Diesel do nicely
This is a small, expensive diesel estate. Actually, it’s a small, Alpina estate; a rare-groove manufacturer with quite the following. The last generation of Alpina D3 (the ‘F30/F31’ BMW 3-Series) sold... 373 cars in the UK. What you might affectionately term ‘it’s still moving on my plate’ rare.
This D3 S is based upon the quietly magnificent M340d Touring xDrive, so you might question the logic behind spending more for essentially the same thing, because it’s not exactly spitting out loads more power. Alpina’s tweaks to BMW’s 3.0-litre diesel amount to a ‘high performance’ cooling system, liberating 350bhp (vs 335bhp in the M340d). Torque is up too: 538lb ft in the D3 S, vs 516lb ft in the M340d.

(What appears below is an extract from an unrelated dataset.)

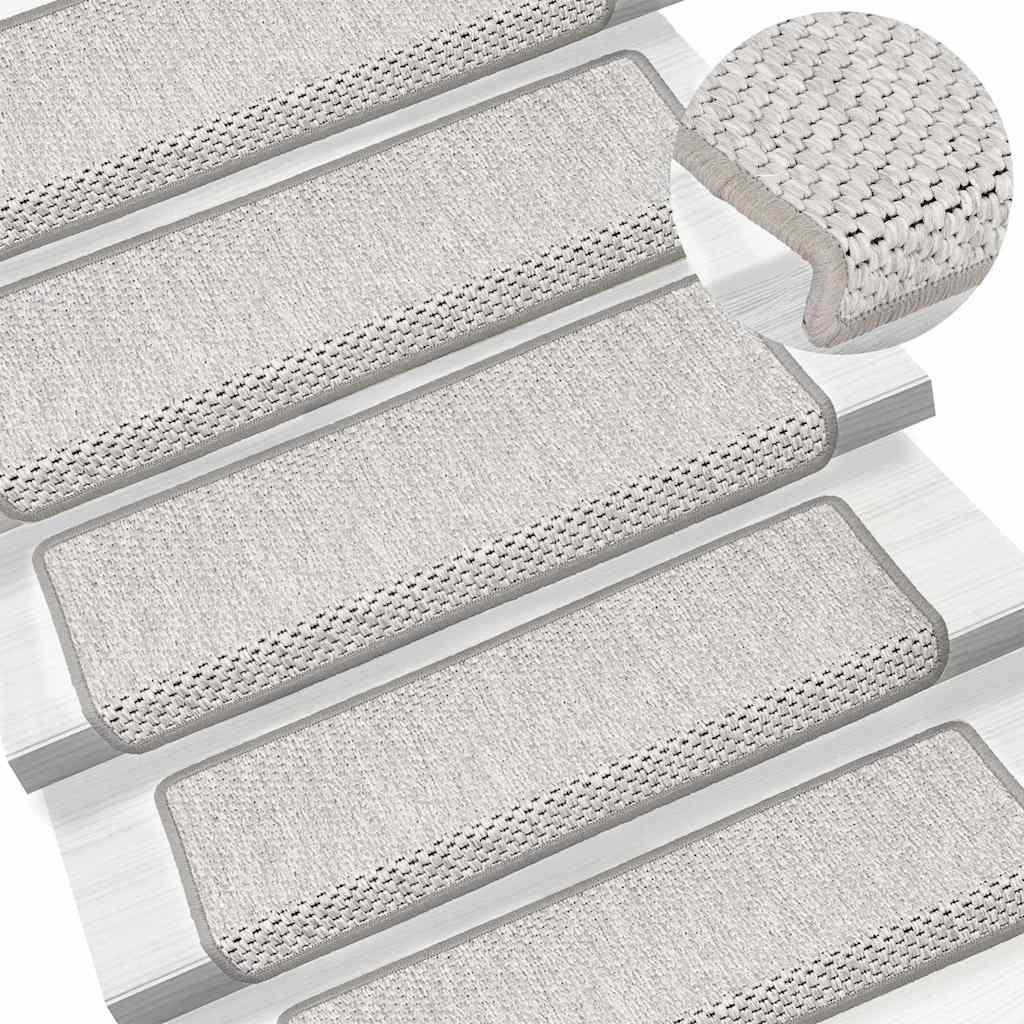 Laiptų kilimėliai Lipni Sisal-Look 30 vnt 65x21x4 cm Platina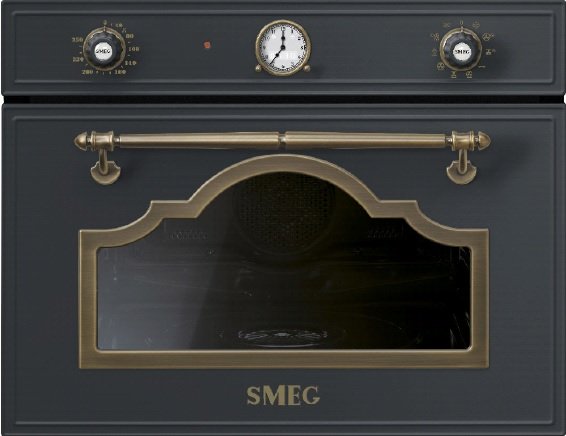 SMEG SF4750VCAO, grau mit Messing Leiste, Retro Style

The suspension set-up is carried over wholesale from the faster, harder-charging petrol-powered B3 (a car with 450bhp and a proper M Division engine), and there’s new gearbox software to work with the tweaked diesel sixer, a new Comfort+ mode – said to offer near ‘imperceptible’ gearshifts – and a revised torque split for the 4WD system that’s more rear-biased.
Small but significant changes that add up to make… a wonderful car. It feels reassuringly hefty with a sense of quality oozing through all the touchpoints. There’s a lovely balance to the steering that gives it accuracy without feeling buzzy. The ride is expertly judged, too: Comfort+ allows the D3 to breathe a little easier over tougher surfaces without sacrificing the BMW’s inherent handling traits. You could do thousands of miles in this thing without flinching. You’d probably need a pee at some point, mind.
In Sport+ mode it moves and turns with a surprising amount of grace; surprising when you consider this D3 S weighs 2,010kg. And though you’d have to be a walking algorithm to notice the power hike between this and the ‘regular’ M340d, it’s still a mighty unit. The delivery is seamless, akin to a nat-asp car. Aim at horizon, squirt, arrive, boom.
Yes, Alpina doesn’t sell many – Lambo did more sales in one year than the old D3 did in five. So it’s a small, expensive, cool diesel estate that’s rarer than a Lambo.